Du musst beim Thema Konsumieren den für dich praktikabelsten Weg selbst entdecken. Ich habe für mich entdeckt, dass ich die Arbeit einfach gern mit einem Gerät in der Hand erledige, welches ich eh andauernd in der Hand halte: iPhone. Vielleicht ist das ja auch für dich was?
Klassifizieren#
Nachdem dein Dokument konsumiert wurde, findest du es im Posteingang wieder. Hierbei handelt es sich nicht um einen klassischen Ordner, sondern eine dieser virtuellen Schubladen, von denen ich hier berichtet hatte. Damit das funktioniert, musst du einen Tag lediglich als Posteingangs-Tag konfigurieren. Nun kannst du das Dokument klassifizieren bzw. dir die Ergebnisse der automatischen Klassifizierung ansehen.
Ein erstes Ergebnis#
Bereits ohne große Konfiguration meiner Entwickler-Installation und mit einem Test-Dokument, welches wirklich kaum verwertbares Material liefert, hat der Document Consumer diverse Informationen extrahieren können. Aus dem Email-Header hat er z.B. das korrekte Datum ausgelesen, der Dateiname des konsumierten Dokuments wurde als Titel hinterlegt und der Posteingangs-Tag wurde angeheftet.

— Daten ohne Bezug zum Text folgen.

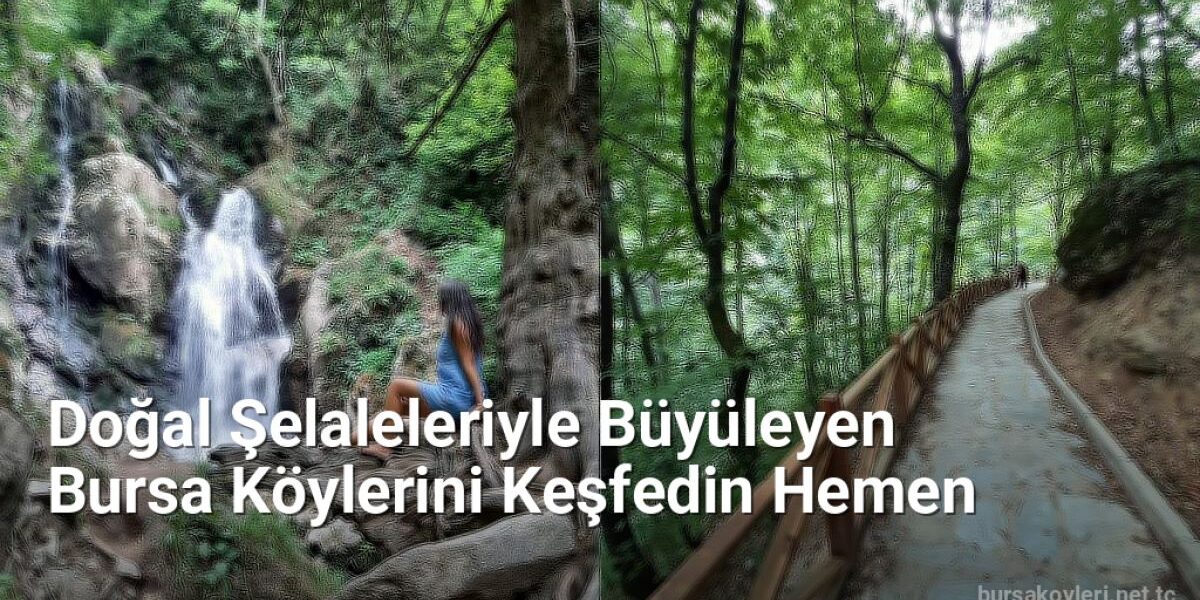 Doğal Şelaleleriyle Büyüleyen Bursa Köylerini Keşfedin Hemen - bursakoyleri.net.tc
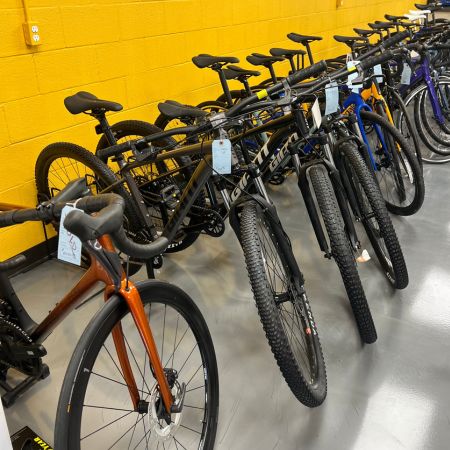 Alleycat bike shop new arrivals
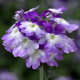 Вербена Tuscany® F1 Twister Purple Shades, 10 шт, Syngenta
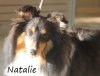 Natalie at the vet..jpg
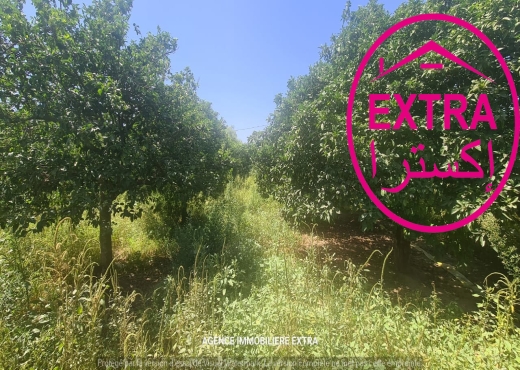 Vente campagne à Nabeul - image 3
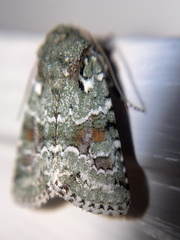 Lacinipolia laudabilis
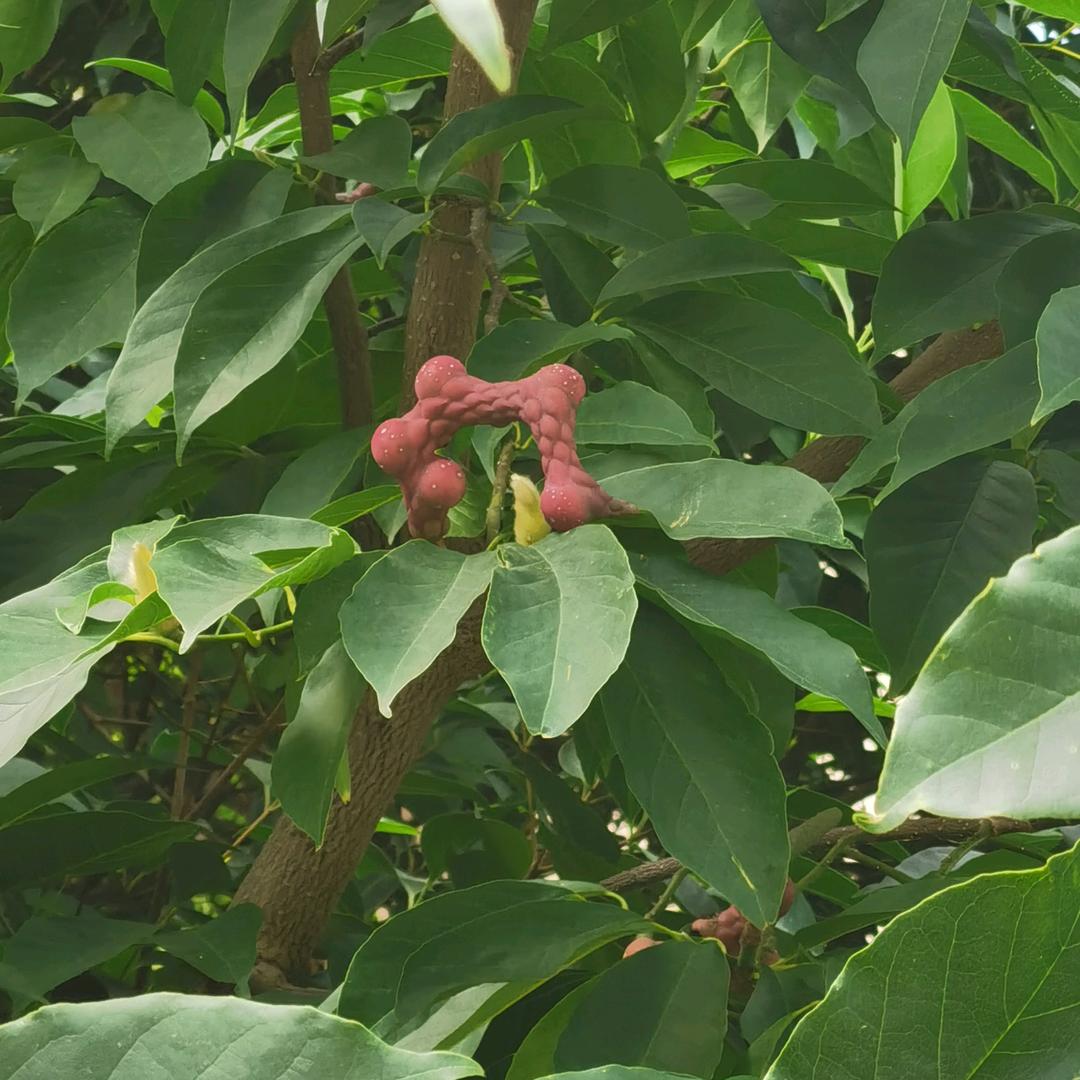 小麦姐（二宝奶）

Auto-Klassifizierung verbessern#
Natürlich willst du nicht bei jedem Dokument die komplette Klassifizierung selbst vornehmen müssen. Wie auf der vorherigen Seite erläutert, hat jeder Korrespondent, Dokumenttyp, Tag und Speicherpfad die Option, Erkennungs-Algorithmen zu verwenden.
Ich habe beispielhaft zwei Zuweisungsmuster konfiguriert:
- einen Korrespondenten erstellt, der auf die Absenderadresse matcht
- der Dokumenttyp Rechnung matcht auf das Wort Rechnung im Text
Nachdem ich das Test-Dokument nun aus Paperless-ngx gelöscht und nochmal konsumieren lassen habe, sieht das Ergebnis bereits so aus:
Schlussfolgerung#
Die kontinuierliche Verbesserung der Auto-Klassifizierung sollte ein integraler Bestandteil deiner regelmäßigen Arbeit mit Paperless-ngx werden. Wenn konsumierte Dokumente nicht automatisch so klassifiziert werden, wie du dir das vorstellst, lohnt sich auf jeden Fall ein Blick in die Einstellungen der Zuweisungsmuster. Dieser Prozess amortisiert sich auf der Zeitachse, da du weniger Zeit in die Verbesserung deiner Auto-Klassifizierung stecken wirst, als in die manuelle Klassifizierung oder Korrektur falscher Ergebnisse. Und denk daran: immer da, wo manuell gearbeitet wird, entstehen auch Fehler 😎.
Bereits beim Anlegen neuer Korrespondenten, Dokumenttypen, Tags und Speicherpfade empfiehlt es sich außerdem, dass du dir bereits Gedanken über die Auto-Klassifizierung machst.